I grabbed my trusty cutting board and chef’s knife and got busy prepping. Using education as a framework for analysis, I started dicing the data. I was curious to see what the big picture outcome looks like for people with different access points. Which tools are universal? How are people spicing up their experience? My aim was to examine a cross-section of people, doing what they do in their everyday lives.
Each frame captures someone’s experience. The survey participants become invisible characters, rooted in their daily act of doing. I have a soft spot for scenes where characters are implied rather than seen. It leaves room to imagine myself there, like an unmade bed, or times square on New Year’s morning. Everyone’s made a mess of a kitchen at some point. This could be my kitchen. This person could be me.
In a story, character is the primary material. In data visualization, it’s information. I liked the idea of transforming information into character and place, and the data into something that happens: an action, a doing of something. I decided to build one scene, marked by different messes – the detritus of people cookin’ up their careers. The method became the material and “What’s Cookin’?” was born.
With an illustration for each level of education, the information becomes a dynamic interplay between data stories; you can see the shifts as different parameters are applied. In building it as a series, I aimed to illustrate not only the stories but the relationships between them; a row of windows, a community, alive, like the people it describes.

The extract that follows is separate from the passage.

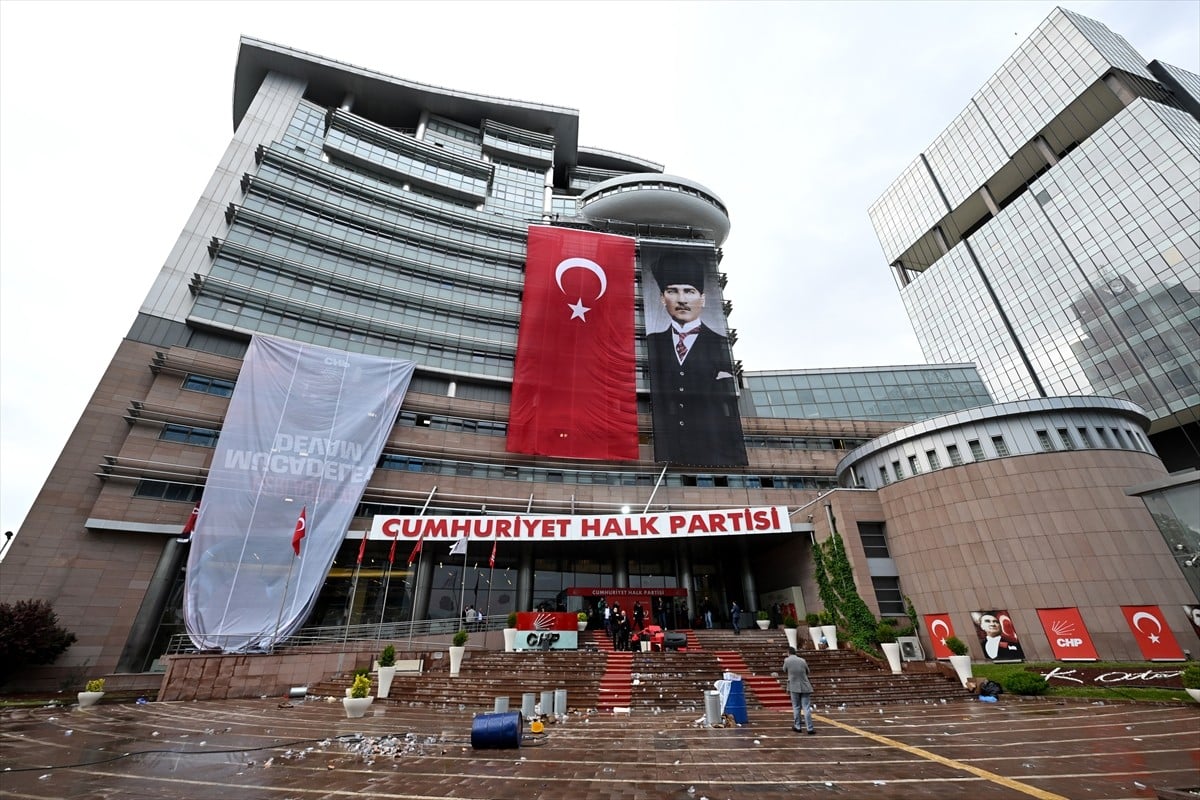 Savaş alanına dönen genel merkezde resim operasyonu! Özgür Özel'in posteri indirildi, akıllara Kılıçdaroğlu'nun kaldırılan fotoğrafı geldi!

Much like my pantry experiments, the meals being made in the illustrations are unconventional. I chose the visual elements – the tools and ingredients – for how they best represent data points rather than how they’d come together as an actual meal. It was important to me that the scenes feel loose, at times even a little chaotic. Creative work is messy. We can never be certain of the outcome as it’s reliant on the context of an audience. It doesn’t come alive until someone else experiences it, and some of us have mixed feelings about aubergine.
It turns out that even with a Ph.D. your kitchen can still catch fire. This revelation felt oddly comforting. Fires flare not only when people have too few resources, but too many. There’s a sweet spot, where you’ve got all the staples you need in your kitchen but not enough to clutter and overwhelm.
The SOTI challenge reinforced that the more frustrating a project seems, the more opportunity for growth it holds. I could have forced the data into my fantasy map idea, but that would have meant breaking my accountability to the survey. I would have been telling my story, instead of the participant’s.
I might have dropped the project altogether but nothing ignites me like a good creative challenge. A little discomfort goes a long way. I chose instead to challenge my biases and move in uncomfortable new ways. It helped to frame the data itself as my client. This allowed me to clarify where I needed to stay rigid and where I could take creative license.
Working through this challenge opened my mind to a whole world of stories that lie quietly beneath the surface – beneath my assumptions – waiting to be discovered. Had it been easy I might only have noticed the first story that presented itself, rather than turning it over in my hands. Looking at things from different angles is how my work, and relationships, get better. It frees me to step into a space where there are no failures. Even in the kitchen.